CONSTITUTION - appeal – right of appeal – appellant – entitlement of to be accorded the right of appeal against
conviction and sentence – Constitution s. 37 (15); Supreme Court Act ss. 4, 22, 23, applied.
Facts:
The Appellant was convicted of wilful murder and sentenced to 50 years imprisonment. The trial judge found the Appellant attacked
a three-year-old child by twisting and breaking his neck. The child died two days later.
Held: (upholding the appeal) that:
- A ground of appeal may be dismissed at the outset for failing to set out with sufficient particularity and clarity the issues of law
or mixed facts and law for determination. [para.3]

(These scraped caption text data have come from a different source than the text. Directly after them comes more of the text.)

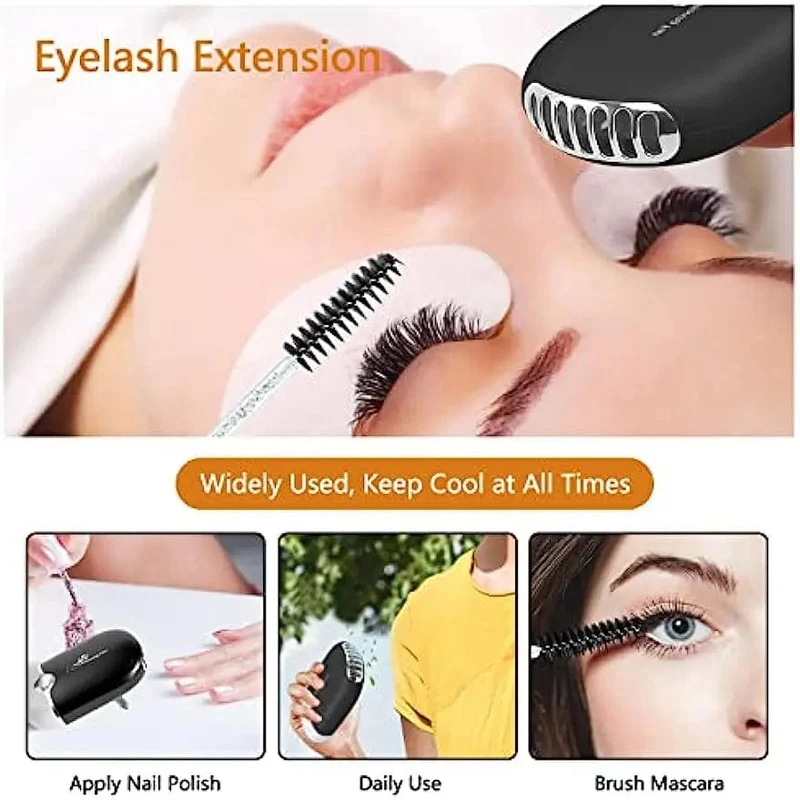 Lash Fan Wimpernverlängerungszubehör mit USB, tragbarer Mini-Wimperntrockner, Shampoo-Bürste, Mascara-Bürsten, Kunststoff-Waschflasche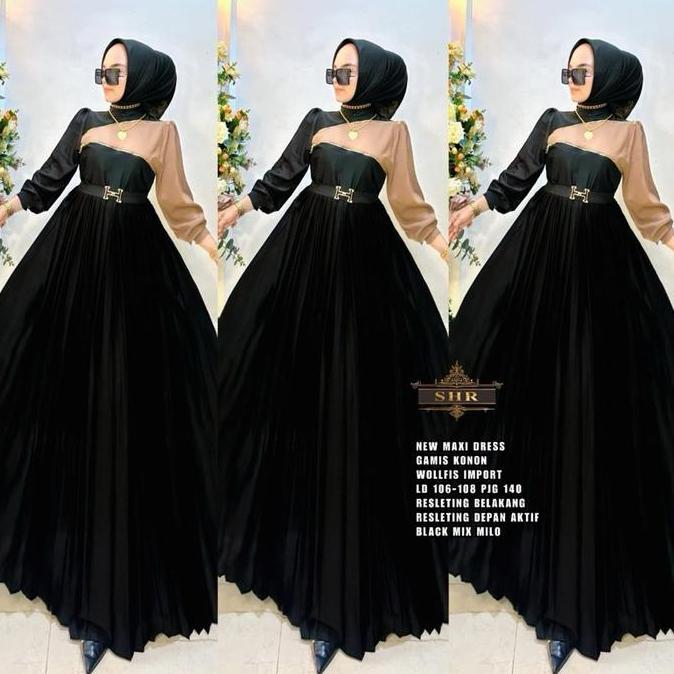 Wxwxw- CodShr Ori TerbaruGamis Dada Zipper Serong Premium Muslim Dress Wanita Wolfis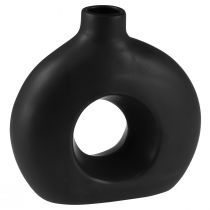 gjenstander Vase Modern Keramikk Svart Moderne Oval 21×7×20cm
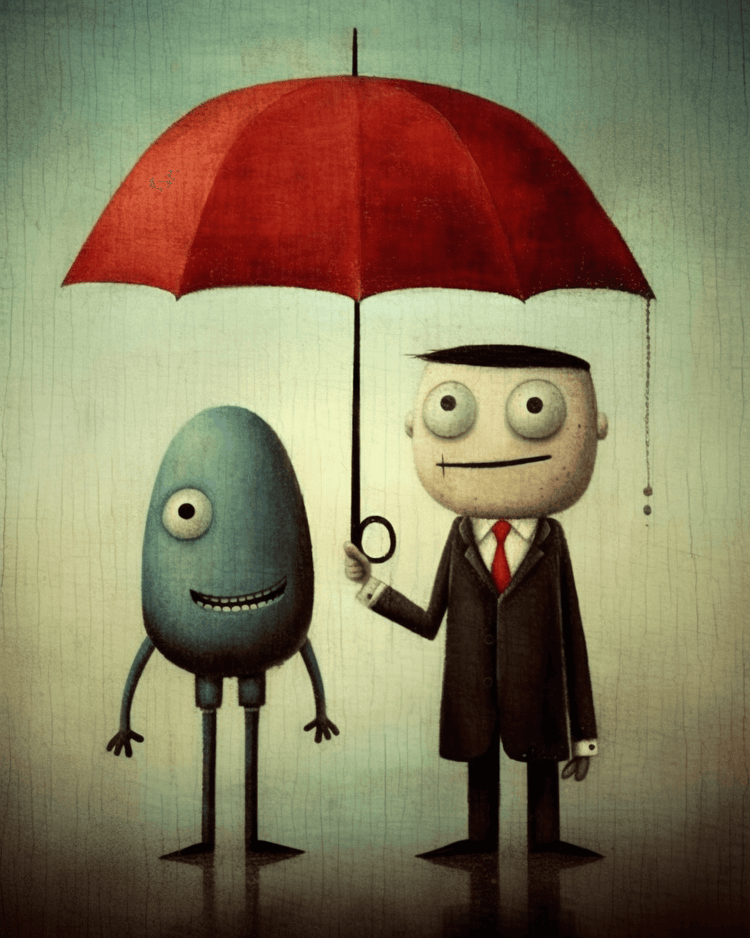 Whimsical AI-generated artwork of a friendly blue character and a smiling man with an umbrella, from the Kid Friendly collection.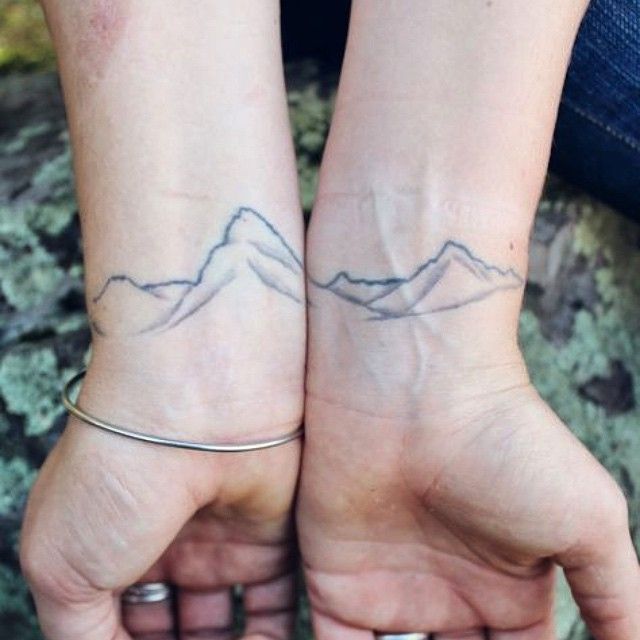 Simple Mountains Tattoos On Both Wrists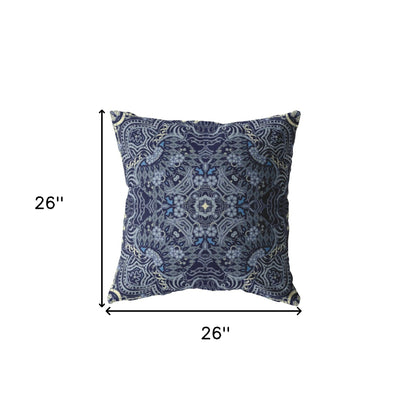 18” Indigo Boho Ornate Indoor Outdoor Zippered Throw Pillow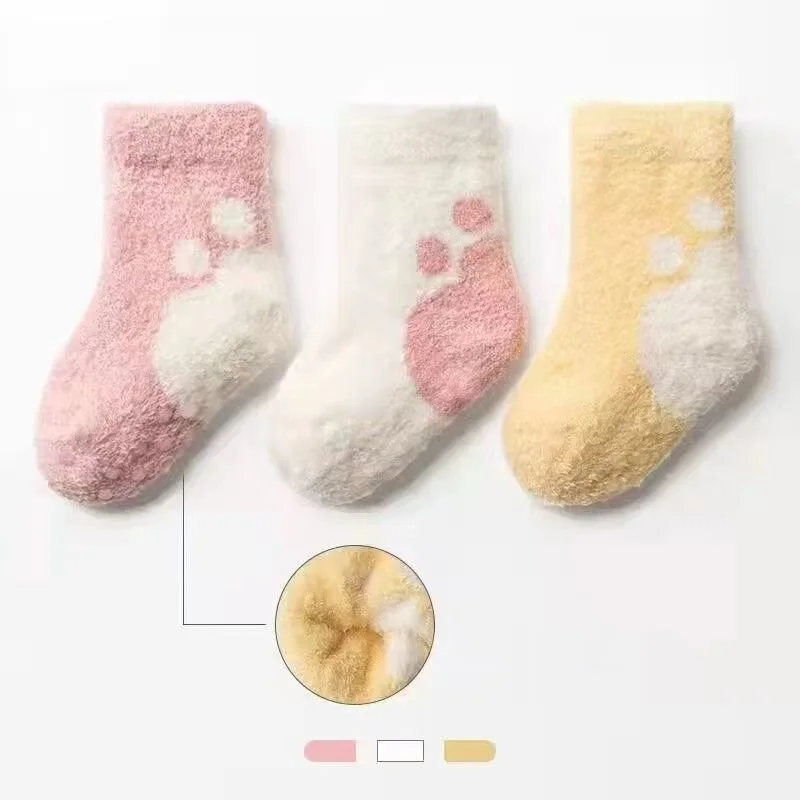 3PCS Set Baby Socks Sbring Autumn and Winter Thick Warm Baby Plush Socks Children\'s Coral Velvet Floor Socks 0-3 Years Old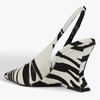 image:imageFSJ Women Pointed Toe Slingback Wedge Heel Pumps Adjustable Strap High Heels Office Wear Shoes Size 416 USWhite and Black Zebra Faux Fur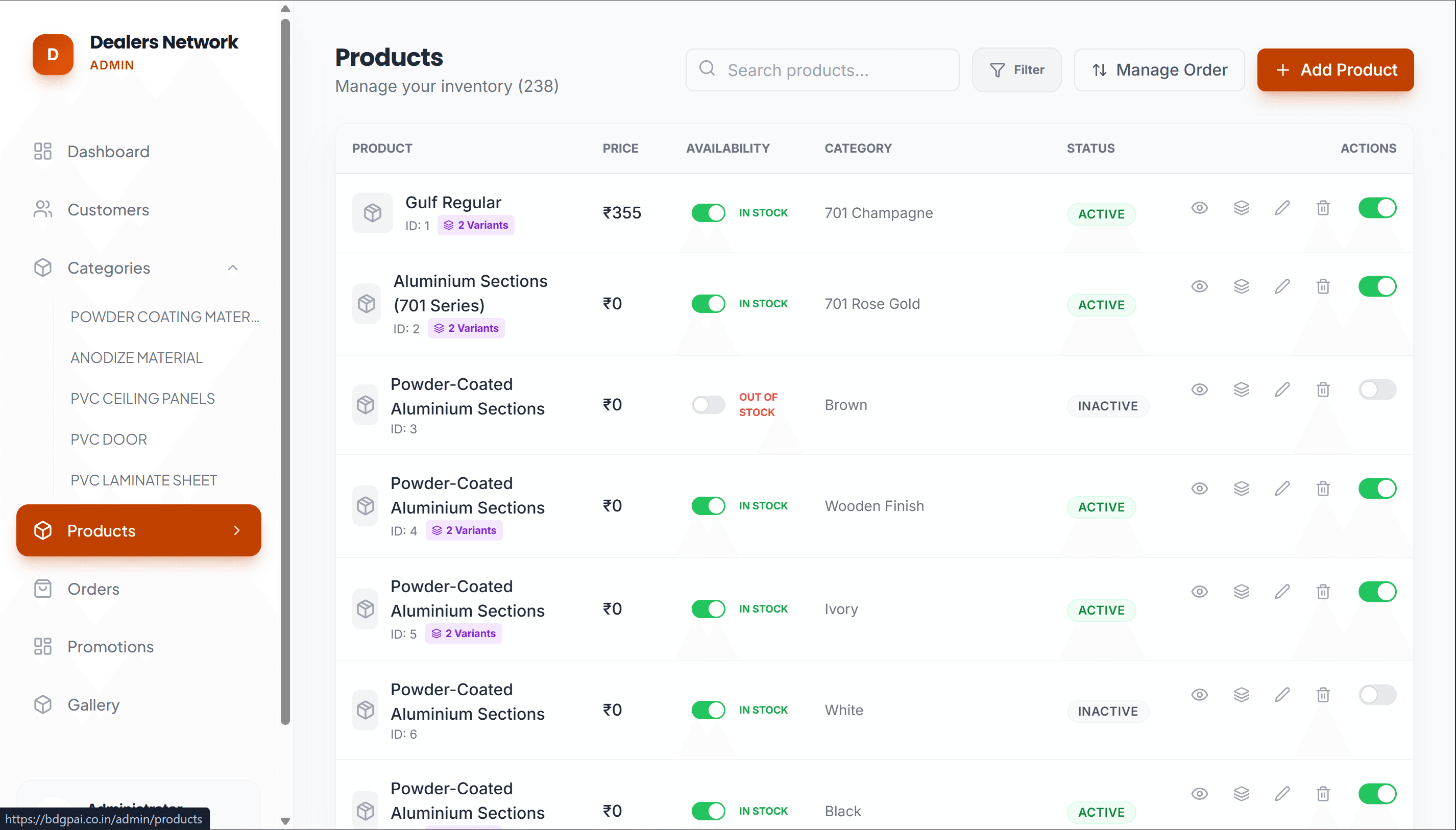 Products — add, edit, upload images, set pricing and categories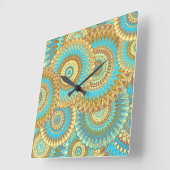 Overlappende Mandala Blauw Bruin Goud Vierkante Klok (Hoek)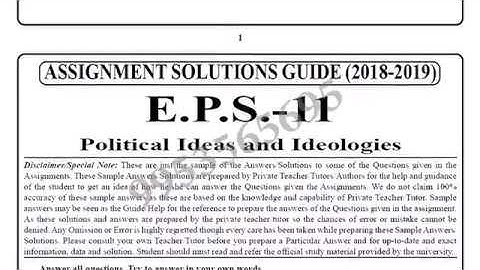 EPS-11 solved assignment 2018-19 / Political Ideas and Ideologies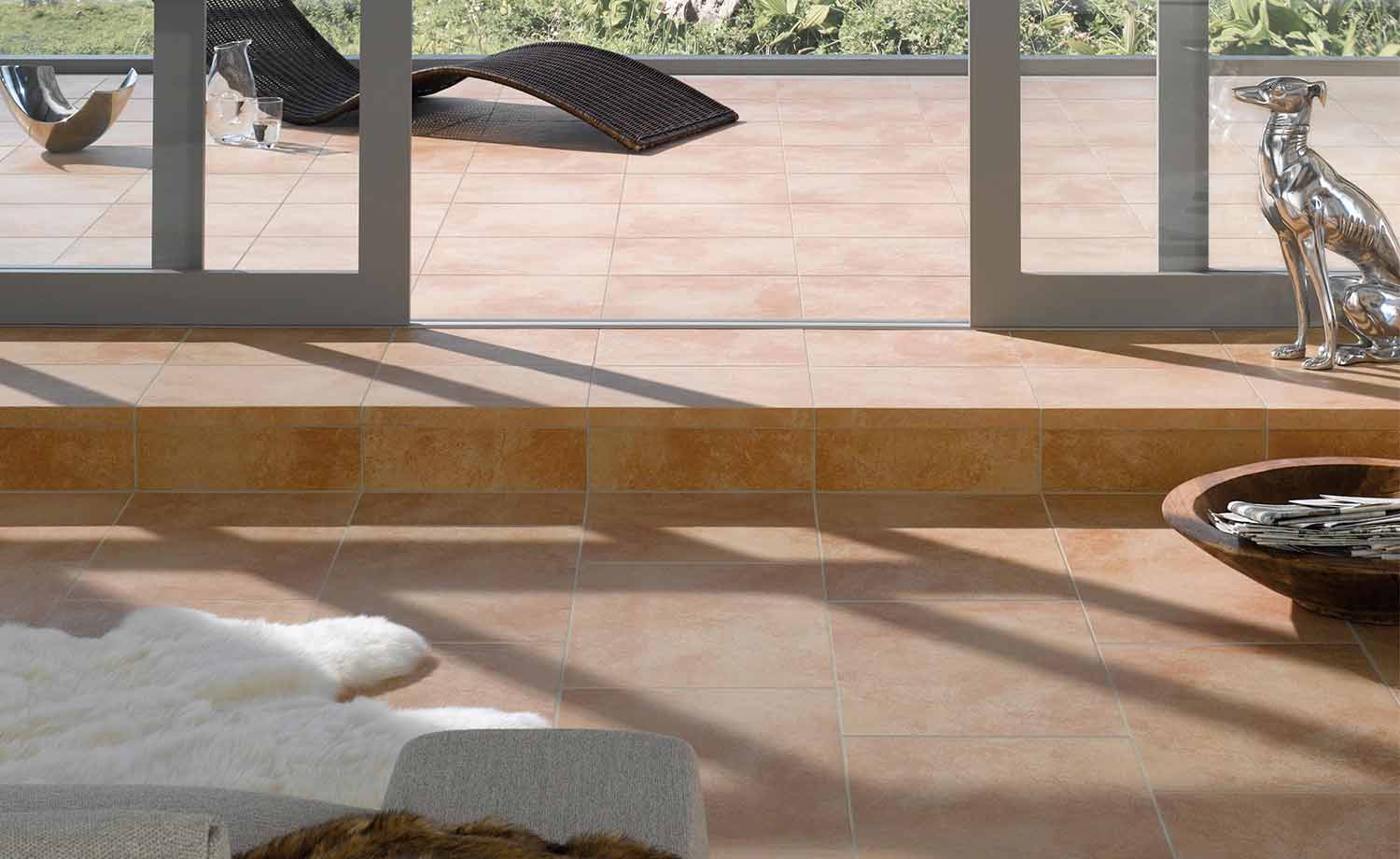 Клинкерная крупноформатная напольная плитка Stroeher Keraplatte Roccia X 927 rosenglut 594х294х10 мм
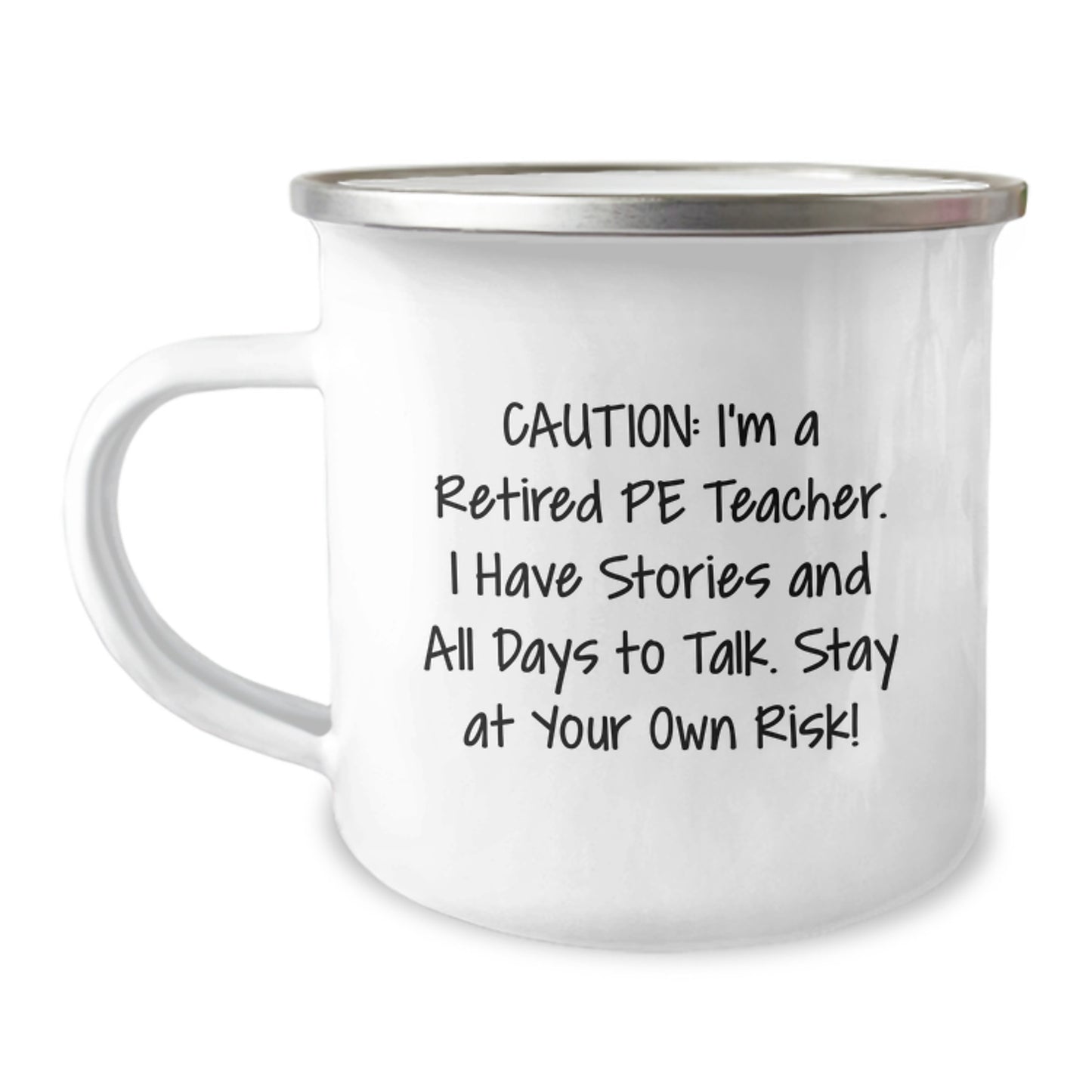 Funny PE Teacher Gifts for Christmas - 'I'm A Retired PE Teacher' Camping Mug, Unique Gifts from Friends and Family - Image 1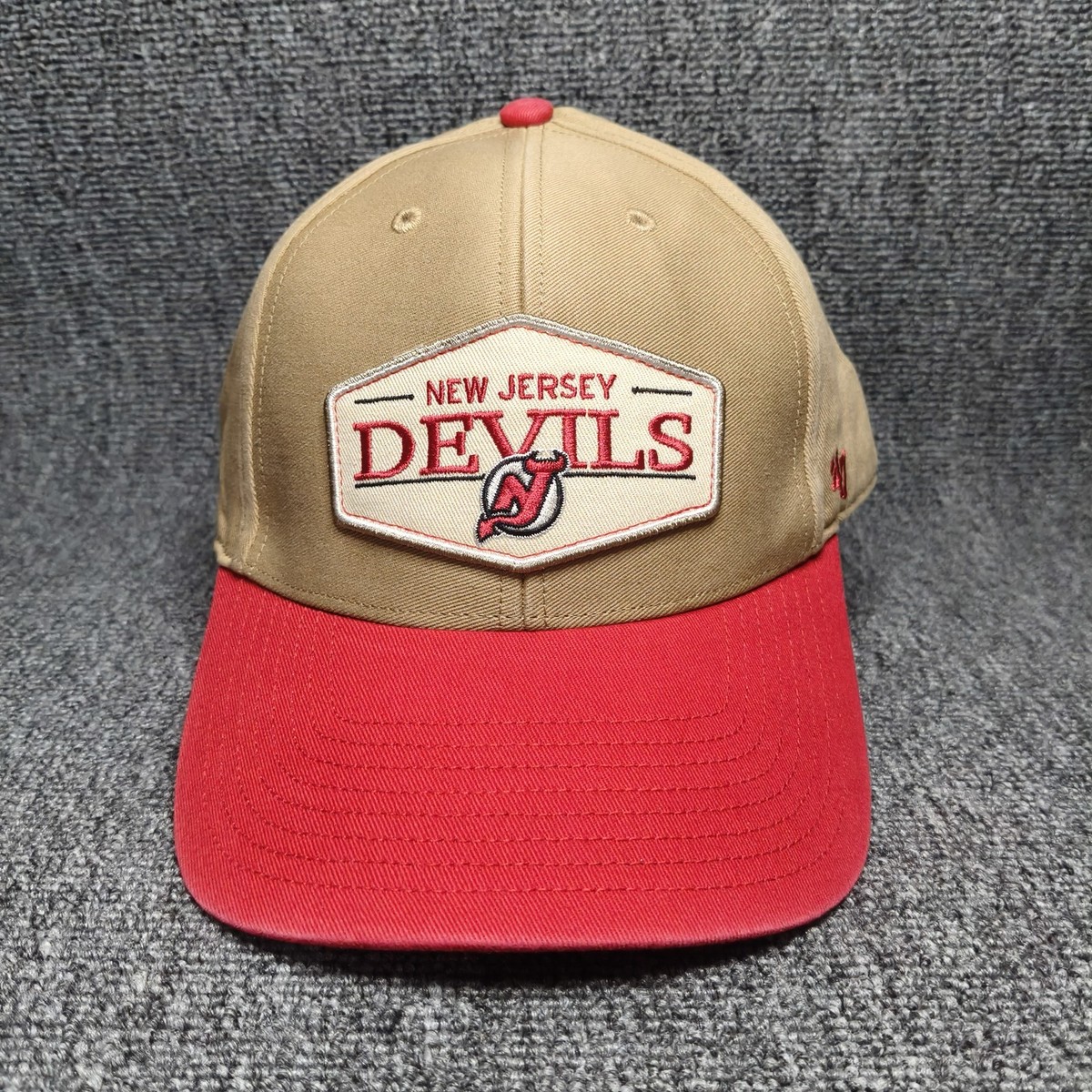 '47 Brand NHL New Jersey Devils Snapback Hat Cap Khaki Red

- In an appeal against conviction, the court should be slow to dismiss a ground of appeal unless it is too general and gives no hint
to a wrongful conviction because of the constitutional right to appeal. [para 5, 6]
- On a wilful murder charge, the essence of a willed act is the state of the mind of the accused person at the time of the act which
can be proven by direct evidence of the expressed intention followed by the act itself or by circumstantial evidence: The State v John Kuvis (2012) N4768. [para 26]
- Where a principal witness for the State may reasonably be suspected as an accomplice, it is conceivable such a witness might reasonably
be supposed to have been concerned in the events giving rise to the charges. So, the trial judge ought to warn him or herself of
the fragility of such evidence as to its reliability. [para 33, 34]
- Where the State case rests on the testimony of a witness whose evidence is found to be unreliable, the quality of his/her evidence
will unlikely improve unless supported by other independent evidence or incontestable admissions by the accused. [para 45]
- It is good practice for the trial judge to explain the three options open to the accused person at the end of the prosecution case
and let the accused person make a personal election to remain silent, make a statement from the dock or give sworn evidence. The
failure to do so may result in substantial miscarriage of justice: Section 572 Criminal Code Act. [para 54, 55, 56, 57]
- The appeal is upheld; a verdict of not guilty is directed to be entered; the conviction is quashed, the sentence is set aside, and
judgment of acquittal entered.
Cited Cases:
Glen Otto Kapahi v The State (2010) SC1023
John Beng v. The State [1977] PNGLR 115
Kokora v. The State [1988-1989] PNGLR 131
Kwame Okyere Boateng v The State [1990] PNGLR 342
Manu Kovi v The State [2005] PGSC 34; SC789
Murray v. The State (2001) SC 668
Nebare Dege v The State (2009) SC1308
Ombusu v The State [1996] PNGLR 335
Paulus Pawa v The State [1981] PNGLR 498;
Paulus Pawa v. The State [1981] PNGLR 498
The State v Fineko [1978] PNGLR 262.
The State v John Kuvis (2012) N4768
The State v Mole Manipe & Ors (1979) N196
The State v Paul Dimon Asilip [2011] N4197
The State v Tom Morris [1981] PNGLR 493;
The State v Wanu [1977] PNGLR 152;
Counsel:
L. Mamu, for the Appellant
P. Kaluwin, for the Respondent
8 November, 2018
- BY THE COURT: On 22nd June, 2016 the National Court sitting at Kokopo convicted the Appellant of wilful murder and sentenced him 50 years imprisonment.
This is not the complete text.